The experiment results demonstrate that the trained RL agents can smart schedule the battery activity under different scenarios. For electrical-only environment settings, this RL agent achieved comparable results to the best heuristic kRR scheduling algorithm. For heuristic kRR scheduling, as the number of battery n increases, there exists an optimized value k (1 ≤ k ≤ n) for longest battery pack lifetime, which can be obtained using analytical equations from exact battery capacity models. The RL agents can be trained to approximate the optimized kRR algorithm for any battery model and environment settings, without needing information on the battery’s electrical model and exact charge/discharge current, and without solving complicated analytical equations. This feature of RL scheduling allows the on-demand modification of the scheduling algorithm according to the specific battery model and environment settings, without changing the agent training framework. In certain cases, battery and environment physical parameters could also be unavailable for users to access directly.

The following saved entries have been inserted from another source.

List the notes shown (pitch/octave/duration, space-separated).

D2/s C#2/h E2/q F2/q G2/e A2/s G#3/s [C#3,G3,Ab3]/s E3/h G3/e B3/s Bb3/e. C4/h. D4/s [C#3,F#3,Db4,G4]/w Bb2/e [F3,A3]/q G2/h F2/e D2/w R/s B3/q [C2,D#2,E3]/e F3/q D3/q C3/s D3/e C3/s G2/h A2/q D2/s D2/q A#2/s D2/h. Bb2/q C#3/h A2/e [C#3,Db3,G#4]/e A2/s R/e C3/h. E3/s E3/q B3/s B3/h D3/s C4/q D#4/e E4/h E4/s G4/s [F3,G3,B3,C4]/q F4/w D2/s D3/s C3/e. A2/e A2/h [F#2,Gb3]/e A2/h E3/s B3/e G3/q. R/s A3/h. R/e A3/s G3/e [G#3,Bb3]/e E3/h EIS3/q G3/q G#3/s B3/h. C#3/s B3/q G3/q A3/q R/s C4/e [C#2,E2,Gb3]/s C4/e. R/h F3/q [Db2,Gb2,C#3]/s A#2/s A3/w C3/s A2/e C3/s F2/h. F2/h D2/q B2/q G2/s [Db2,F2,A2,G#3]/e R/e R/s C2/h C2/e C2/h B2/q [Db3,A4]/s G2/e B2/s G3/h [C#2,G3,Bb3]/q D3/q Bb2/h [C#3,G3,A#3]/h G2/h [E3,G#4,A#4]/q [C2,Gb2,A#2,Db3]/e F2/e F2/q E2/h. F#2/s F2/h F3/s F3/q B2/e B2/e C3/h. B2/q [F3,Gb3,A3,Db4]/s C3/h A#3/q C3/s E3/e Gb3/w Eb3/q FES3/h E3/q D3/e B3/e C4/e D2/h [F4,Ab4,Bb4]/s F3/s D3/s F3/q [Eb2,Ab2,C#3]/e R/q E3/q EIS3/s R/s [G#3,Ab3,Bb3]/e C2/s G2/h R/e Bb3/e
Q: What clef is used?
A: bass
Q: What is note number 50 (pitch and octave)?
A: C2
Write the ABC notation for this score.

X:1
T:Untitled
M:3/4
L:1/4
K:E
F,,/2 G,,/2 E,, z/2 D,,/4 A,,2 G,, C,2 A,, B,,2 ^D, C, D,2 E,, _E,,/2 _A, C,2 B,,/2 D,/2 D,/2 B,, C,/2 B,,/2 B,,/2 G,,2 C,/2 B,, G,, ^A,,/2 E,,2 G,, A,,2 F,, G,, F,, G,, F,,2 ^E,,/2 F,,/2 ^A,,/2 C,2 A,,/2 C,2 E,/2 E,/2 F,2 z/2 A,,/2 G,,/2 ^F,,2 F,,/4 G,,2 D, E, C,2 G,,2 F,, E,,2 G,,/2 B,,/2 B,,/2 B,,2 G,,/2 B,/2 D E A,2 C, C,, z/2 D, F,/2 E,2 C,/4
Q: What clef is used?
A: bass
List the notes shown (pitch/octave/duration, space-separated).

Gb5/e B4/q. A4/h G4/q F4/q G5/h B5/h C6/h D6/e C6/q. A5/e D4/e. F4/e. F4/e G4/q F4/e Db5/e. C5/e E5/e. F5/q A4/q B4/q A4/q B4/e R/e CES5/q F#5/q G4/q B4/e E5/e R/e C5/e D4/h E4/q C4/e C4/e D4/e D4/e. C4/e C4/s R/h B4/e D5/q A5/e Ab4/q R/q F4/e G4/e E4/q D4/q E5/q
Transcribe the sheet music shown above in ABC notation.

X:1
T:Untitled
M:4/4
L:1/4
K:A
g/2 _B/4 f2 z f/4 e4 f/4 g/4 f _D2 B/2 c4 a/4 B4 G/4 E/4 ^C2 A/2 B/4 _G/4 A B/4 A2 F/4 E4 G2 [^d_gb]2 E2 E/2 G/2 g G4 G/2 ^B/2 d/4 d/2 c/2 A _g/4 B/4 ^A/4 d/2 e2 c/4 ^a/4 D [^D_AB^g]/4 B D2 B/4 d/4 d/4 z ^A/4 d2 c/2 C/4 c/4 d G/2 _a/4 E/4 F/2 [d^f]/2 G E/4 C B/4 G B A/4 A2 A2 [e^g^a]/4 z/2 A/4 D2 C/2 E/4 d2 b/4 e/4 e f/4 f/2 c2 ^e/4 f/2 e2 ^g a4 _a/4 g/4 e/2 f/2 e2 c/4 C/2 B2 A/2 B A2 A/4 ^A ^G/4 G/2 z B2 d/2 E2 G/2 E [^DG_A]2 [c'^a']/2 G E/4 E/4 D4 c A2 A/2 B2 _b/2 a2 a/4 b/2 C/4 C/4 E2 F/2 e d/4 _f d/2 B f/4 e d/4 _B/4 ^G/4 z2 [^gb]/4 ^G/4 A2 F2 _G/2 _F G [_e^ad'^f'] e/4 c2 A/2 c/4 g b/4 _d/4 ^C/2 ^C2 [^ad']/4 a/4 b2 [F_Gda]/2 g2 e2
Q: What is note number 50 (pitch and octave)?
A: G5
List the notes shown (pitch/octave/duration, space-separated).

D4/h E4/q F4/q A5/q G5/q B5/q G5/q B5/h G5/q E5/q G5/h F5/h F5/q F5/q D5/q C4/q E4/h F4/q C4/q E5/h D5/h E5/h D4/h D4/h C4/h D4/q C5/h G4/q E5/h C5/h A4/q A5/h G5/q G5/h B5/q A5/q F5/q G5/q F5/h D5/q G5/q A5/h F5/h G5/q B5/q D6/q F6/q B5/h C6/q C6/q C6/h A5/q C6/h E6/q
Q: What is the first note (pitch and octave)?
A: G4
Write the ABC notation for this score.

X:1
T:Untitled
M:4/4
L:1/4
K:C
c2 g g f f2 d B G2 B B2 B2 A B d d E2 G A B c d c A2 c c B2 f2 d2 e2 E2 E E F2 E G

For environment settings with thermal effect, there is no exact temperature reward, R_T, generated in each training step in real application scenarios, but the battery temperature affects the battery state of health (SOH), which is directly related to the battery capacity. By obtaining the battery SOH model with temperature degradation, the RL agents can be trained to maximize the battery’s total lifetime for a fixed number of deployment cycles. This can involve a decision tradeoff that involves either discharging the batteries for the current deployment cycle as much as possible or stopping the discharge and let the battery cool down for future use.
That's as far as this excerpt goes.